Using Cloud SQL with Big Data
You can use Oracle Cloud SQL with Oracle Big Data.
Cloud SQL is not included with Big Data. You must pay an extra fee for use of Cloud SQL. See Adding Cloud SQL.
Cloud SQL Overview
Oracle Cloud SQL supports queries against non-relational data stored in multiple big data sources, including Apache Hive, HDFS, Oracle NoSQL Database, Apache Kafka, Apache HBase, and other object stores (Oracle Object Store and S3). It enables unified query for distributed data and therefore the ability to view and analyze data from disparate data stores seamlessly, as if it were all stored in an Oracle database.
Cloud SQL provides a Query Server that enables you to execute complex Oracle SQL statements against data in the Hadoop ecosystem, either manually or through your applications.
Cloud SQL provides enhancements to Oracle external tables that are specially
designed for scale-out processing. An external table is an Oracle Database object
that identifies and describes the location of data outside of a database. You can
query an external table using the same SQL SELECT
syntax that you
use for any other database tables.
External tables use access drivers to parse the data outside the database. Each type of external data requires a unique access driver. Cloud SQL includes three access drivers for big data.
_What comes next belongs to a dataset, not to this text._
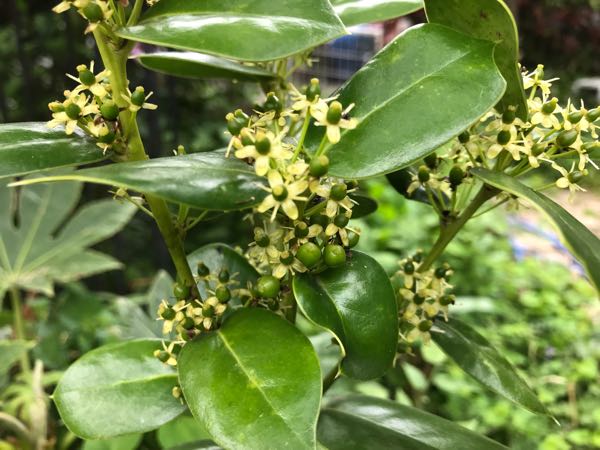 rblog-20190424153514-06.jpg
There are drivers for:
-
Data that has metadata defined in Apache Hive
-
Accessing data stored in HDFS, with metadata specified only by an Oracle data administrator
-
Accessing data stored in the object stores, again with metadata specified only by an Oracle data administrator
Cloud SQL automatically defines external tables for metadata defined in the Hive metastore. Oracle Database schemas are created for Hive databases, and external tables are created for Hive tables.
If your Big Data cluster uses Cloudera Distribution including Hadoop, then Cloudera Sentry authorization policies are used to control access to data.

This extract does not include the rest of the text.